-- INFORMATION SUPPLIED follows --
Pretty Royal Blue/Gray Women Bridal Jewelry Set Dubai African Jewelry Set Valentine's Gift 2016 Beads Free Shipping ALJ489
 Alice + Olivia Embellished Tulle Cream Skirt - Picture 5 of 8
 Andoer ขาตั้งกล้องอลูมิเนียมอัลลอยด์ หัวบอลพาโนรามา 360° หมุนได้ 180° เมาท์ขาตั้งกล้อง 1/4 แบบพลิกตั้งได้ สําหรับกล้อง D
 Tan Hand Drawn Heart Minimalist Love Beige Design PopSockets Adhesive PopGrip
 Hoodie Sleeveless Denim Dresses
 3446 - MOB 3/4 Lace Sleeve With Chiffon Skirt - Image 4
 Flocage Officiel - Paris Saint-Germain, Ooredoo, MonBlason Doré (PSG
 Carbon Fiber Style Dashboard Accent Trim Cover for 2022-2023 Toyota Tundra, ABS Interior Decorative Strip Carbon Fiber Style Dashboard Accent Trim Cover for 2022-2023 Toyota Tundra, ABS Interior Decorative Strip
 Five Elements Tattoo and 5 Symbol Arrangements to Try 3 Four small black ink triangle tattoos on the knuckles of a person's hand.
-- INFORMATION SUPPLIED concluded --
YOUR OBJECTIVE>
The lines in the entries above that carry the word "Skirt" must be copied.

ANSWER TO THIS TASK>
 Alice + Olivia Embellished Tulle Cream Skirt - Picture 5 of 8
 3446 - MOB 3/4 Lace Sleeve With Chiffon Skirt - Image 4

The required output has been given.